Image-text web data
▬▬▬

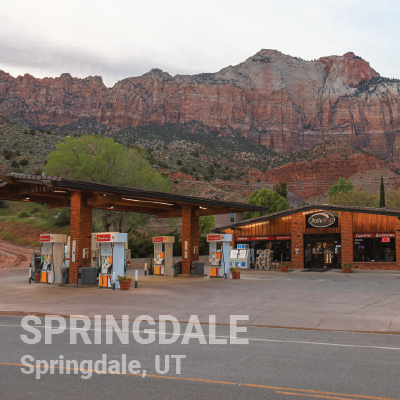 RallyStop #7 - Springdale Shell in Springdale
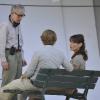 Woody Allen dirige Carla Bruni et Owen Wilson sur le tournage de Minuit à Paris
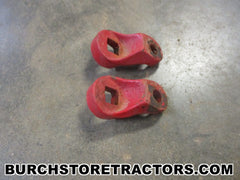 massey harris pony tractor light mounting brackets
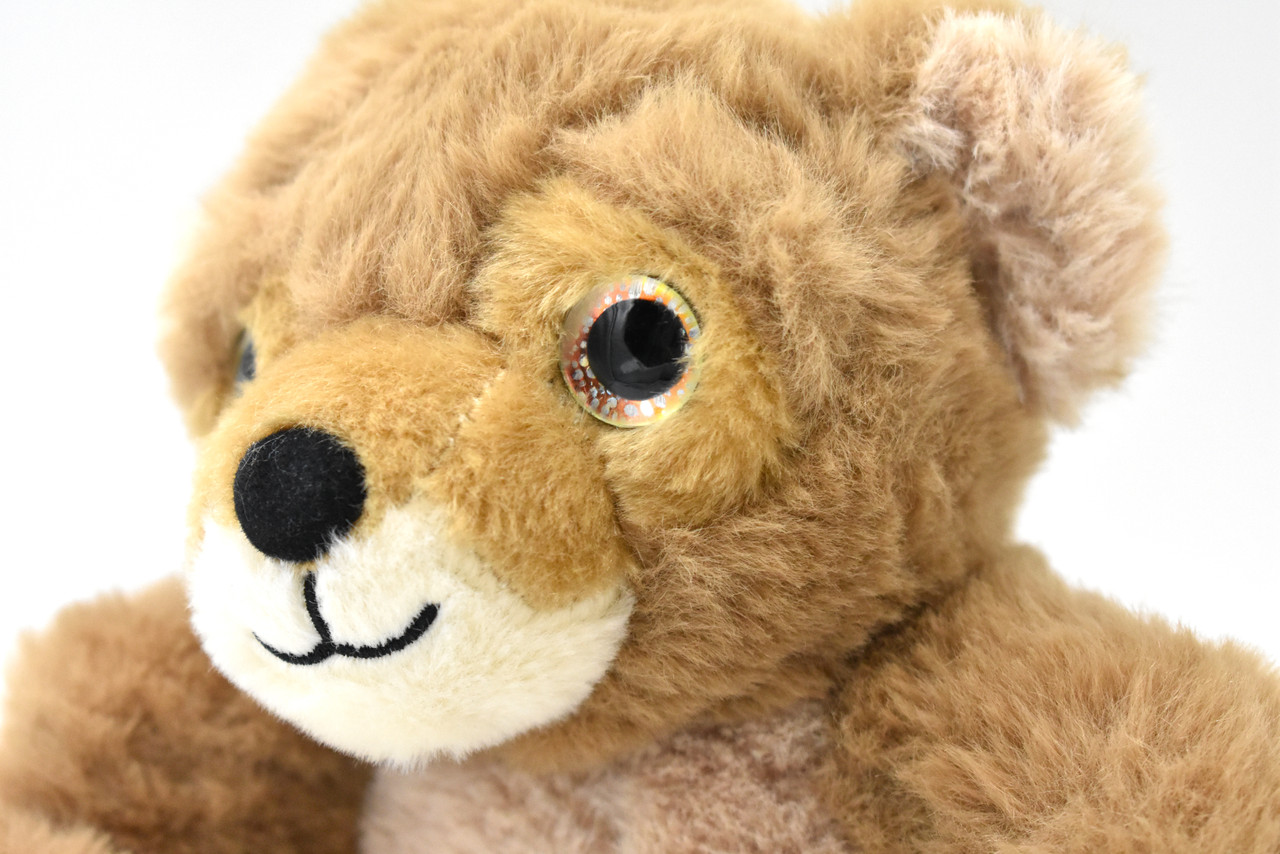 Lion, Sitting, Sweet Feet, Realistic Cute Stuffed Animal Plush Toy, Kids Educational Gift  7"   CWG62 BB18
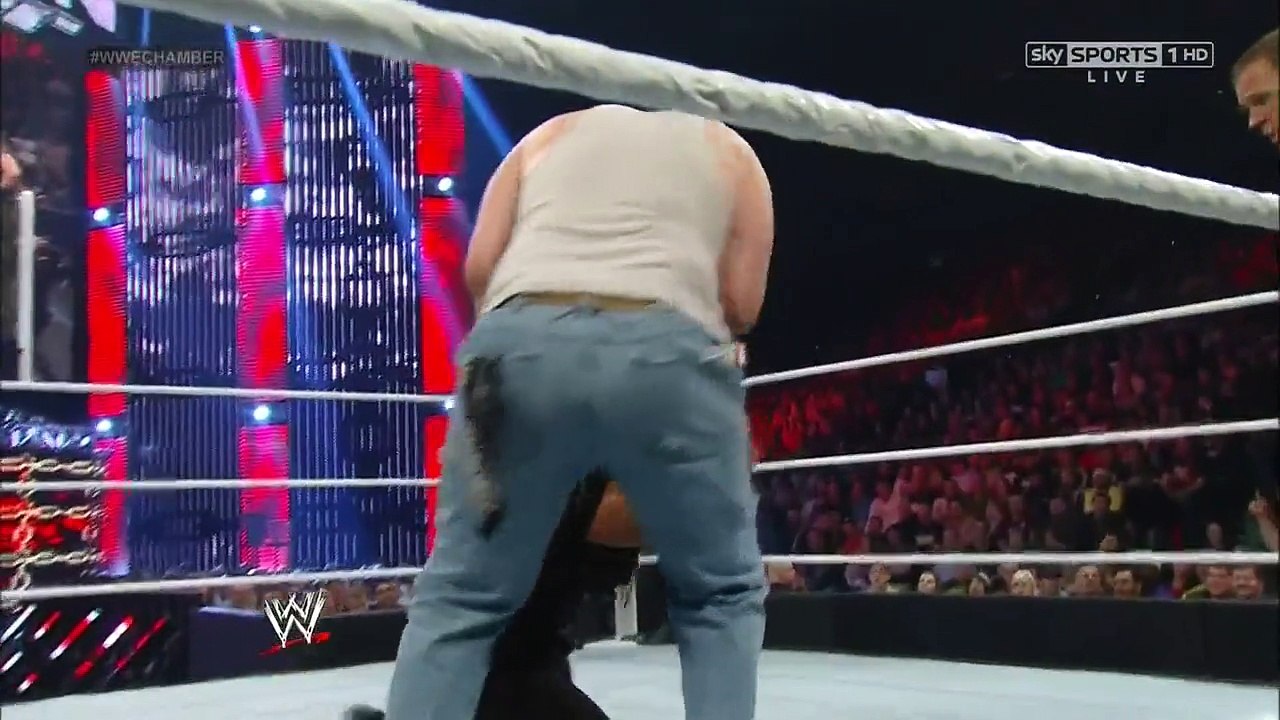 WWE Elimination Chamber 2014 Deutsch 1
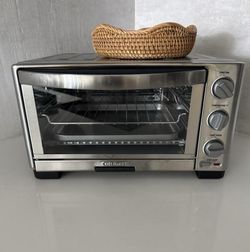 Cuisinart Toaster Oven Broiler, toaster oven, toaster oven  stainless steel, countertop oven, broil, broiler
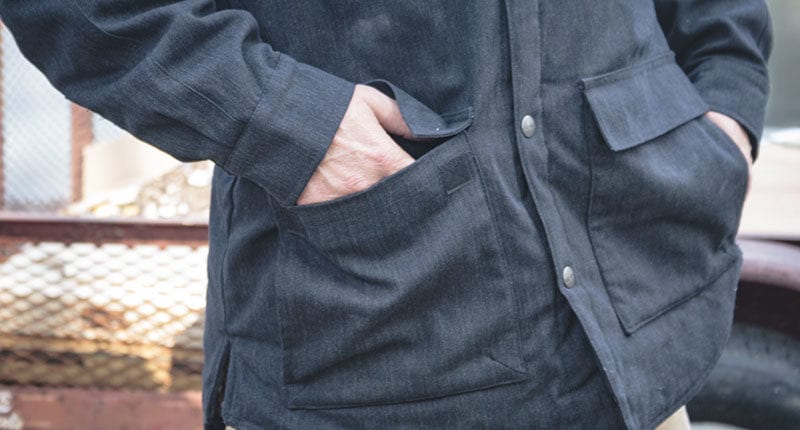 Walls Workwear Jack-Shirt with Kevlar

▬▬▬

When you copy the records above, keep every word exact but leave out the pictures.

#### Result of the task:
 RallyStop #7 - Springdale Shell in Springdale
 Woody Allen dirige Carla Bruni et Owen Wilson sur le tournage de Minuit à Paris
 massey harris pony tractor light mounting brackets
 Lion, Sitting, Sweet Feet, Realistic Cute Stuffed Animal Plush Toy, Kids Educational Gift  7"   CWG62 BB18
 WWE Elimination Chamber 2014 Deutsch 1
 Cuisinart Toaster Oven Broiler, toaster oven, toaster oven  stainless steel, countertop oven, broil, broiler
 Walls Workwear Jack-Shirt with Kevlar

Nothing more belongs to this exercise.